第五話 魔女見習いは立ち上がる

Chapter.19 絶体絶命の展開

 ……さすがに分が悪い状況だ。

 ここにカトレアが居合わせないことが、良いことなのか悪いことなのか分からない。


 警戒するように後退りしながら俺は背中に隠した魔剣に手をかける。魔物の皮剥ぎのときに使って以来、攻撃魔法を使えるカトレアと違って俺はなんの力も持っていないので、護身用として携帯することにした魔剣だ。

 構えたことはもちろん、ない。


「なんのことか説明してもらっていいか」


 ひりつくような感覚を覚えながら慎重に立ち回る。命の危険をこれほどまでに感じたことはない。魔剣には手をかけてはいるが、これを構えるタイミングは慎重に見極めなくてはいけない。間違っても先に刃物を見せちゃダメだ。やり返される可能性が高まる。
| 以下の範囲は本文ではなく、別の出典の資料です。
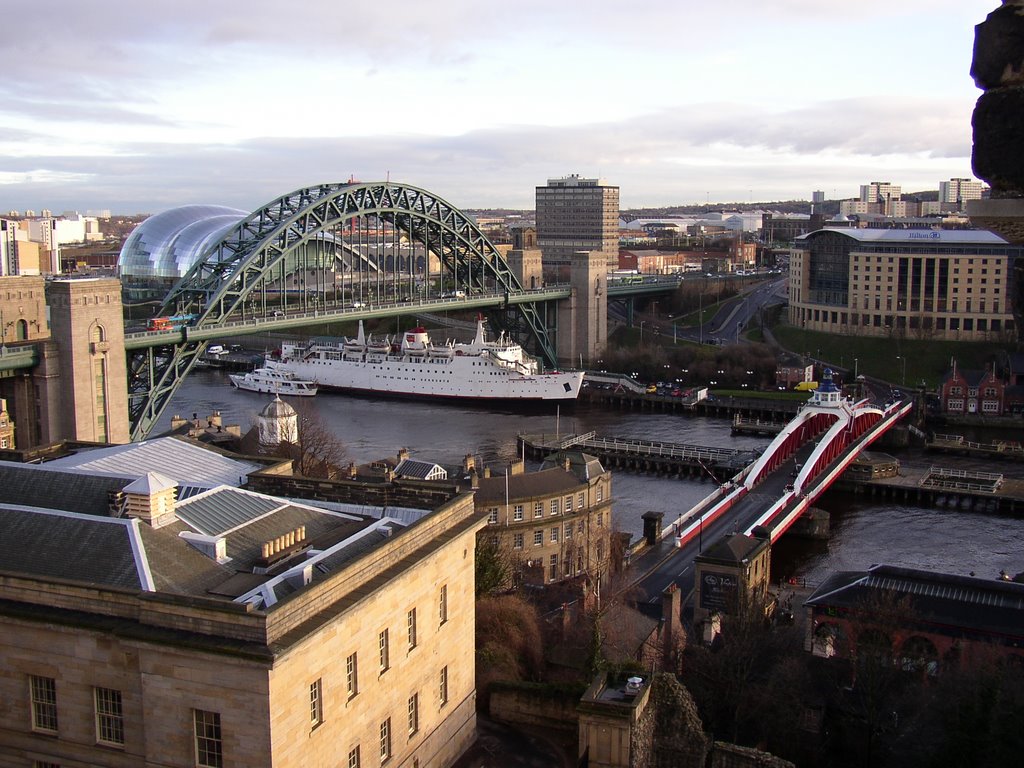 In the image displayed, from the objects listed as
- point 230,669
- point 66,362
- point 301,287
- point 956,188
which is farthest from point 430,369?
point 956,188

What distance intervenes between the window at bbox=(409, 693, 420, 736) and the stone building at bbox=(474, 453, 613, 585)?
10153 mm

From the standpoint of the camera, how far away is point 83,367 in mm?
28234

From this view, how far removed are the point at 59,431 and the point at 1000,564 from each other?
77.2ft

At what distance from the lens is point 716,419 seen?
152 feet

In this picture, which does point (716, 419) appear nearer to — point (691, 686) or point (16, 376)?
point (16, 376)

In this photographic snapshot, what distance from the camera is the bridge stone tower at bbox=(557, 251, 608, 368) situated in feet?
195

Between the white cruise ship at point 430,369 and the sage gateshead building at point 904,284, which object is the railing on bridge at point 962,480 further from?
the sage gateshead building at point 904,284

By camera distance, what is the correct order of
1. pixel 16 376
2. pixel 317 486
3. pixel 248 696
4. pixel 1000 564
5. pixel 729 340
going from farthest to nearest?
pixel 729 340 < pixel 16 376 < pixel 1000 564 < pixel 317 486 < pixel 248 696

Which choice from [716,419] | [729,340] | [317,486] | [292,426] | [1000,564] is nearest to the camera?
[317,486]

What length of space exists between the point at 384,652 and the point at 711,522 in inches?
687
 相手の出方が分からないうちは反撃の意思を見せないほうがいいだろう。しかし相手が手荒な真似をしてきたら牽制できるようにはしたい。

 ……俺にできるか? そんな器用な真似。

 つい四日五日前は普通の大学生だったんだけど?


「オメェらだろ? しらばっくれてんじゃねえよ。証拠は上がってんだから」

「証拠?」


 その言葉には怪訝な表情で返す。まさかそんなはずはない、足跡が残るような土質ではなかったしあの空間には俺たち以外誰もいなかった。組合まで一直線に向かう道中も、俺は元々報復を恐れていたので誰かに見られていないか警戒を解かなかった。

 バレるはずはないと考える。

 ……組合から情報が漏れたと見るべきか? いや、分からない。そこまで頭が回らない。余裕がない。

 ジリジリと間合いを取りながら返答を待つ。


 フンッと鼻を鳴らした男は、相方に合図を出した。


「獲物を残しちゃいけねえよ」


 締められたジャッカロープの首を掴む盗賊の男。角が片方だけない個体。確かに、それは俺たちが逃したものだが……。


「いや、なんのことか分からない」

「声が上擦ってんな。あからさますぎる。そもそも、俺たちだって馬鹿じゃねえんだから確信もないまま脅すわけねえだろ」


 声高に笑われる。俺は押し黙る。主立って話す男の隣にいる、ジャッカロープを手にした男が俺に辿り着いた方法を答えてくれる。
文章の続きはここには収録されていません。